● Exercise brief:
Once the line with "Veste cruiser courte" has been located in the records below, set down that line and all subsequent lines exactly, omitting the pictures.

Segment Start: Data for processing

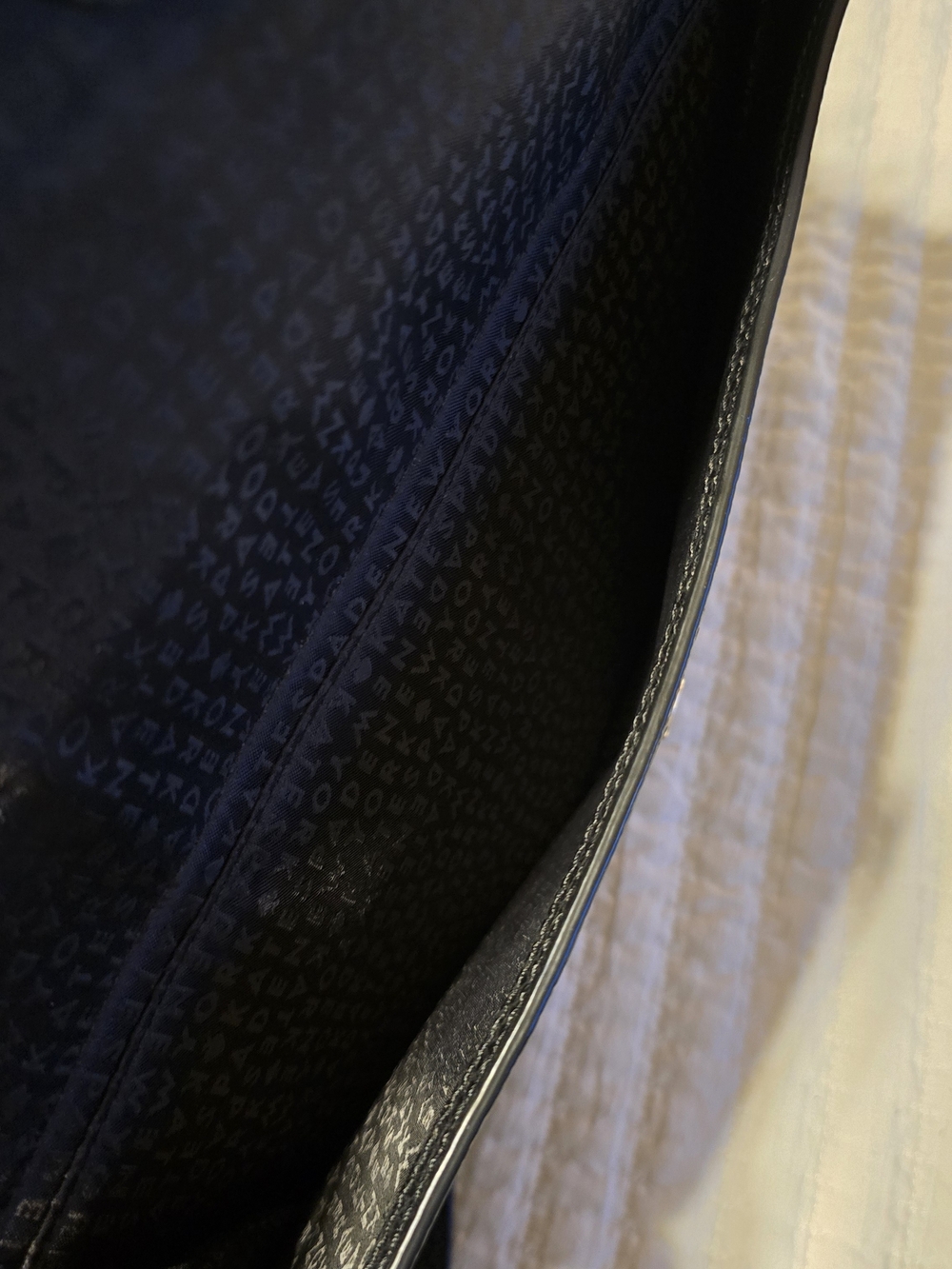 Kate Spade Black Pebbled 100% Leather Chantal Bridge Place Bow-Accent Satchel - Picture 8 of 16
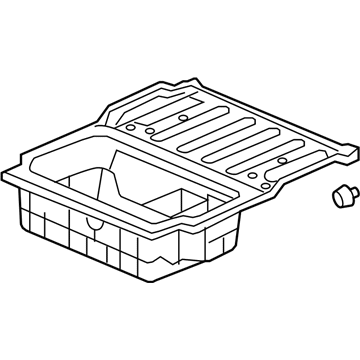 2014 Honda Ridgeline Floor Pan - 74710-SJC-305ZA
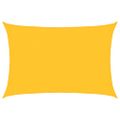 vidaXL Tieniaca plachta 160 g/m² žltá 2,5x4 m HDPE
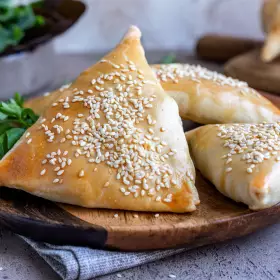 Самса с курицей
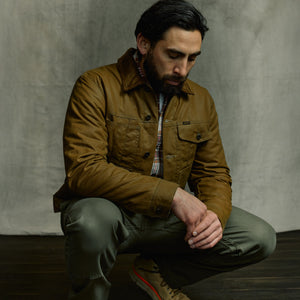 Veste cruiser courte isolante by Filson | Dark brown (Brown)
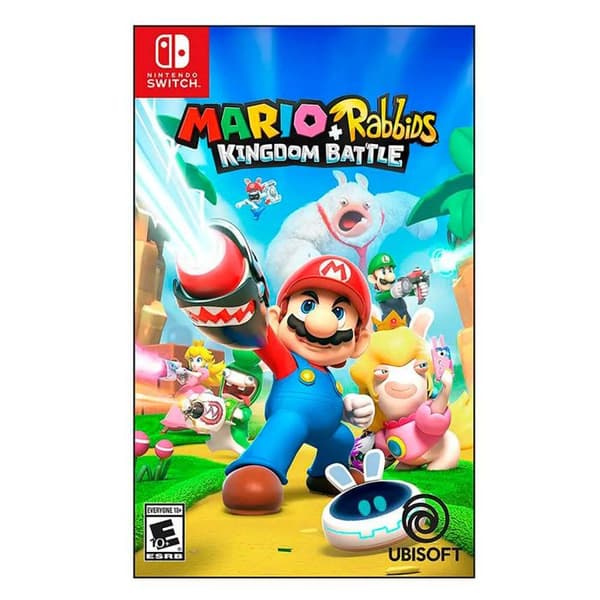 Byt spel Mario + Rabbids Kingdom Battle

Segment End: Data for processing

● Task result:
 Veste cruiser courte isolante by Filson | Dark brown (Brown)
 Byt spel Mario + Rabbids Kingdom Battle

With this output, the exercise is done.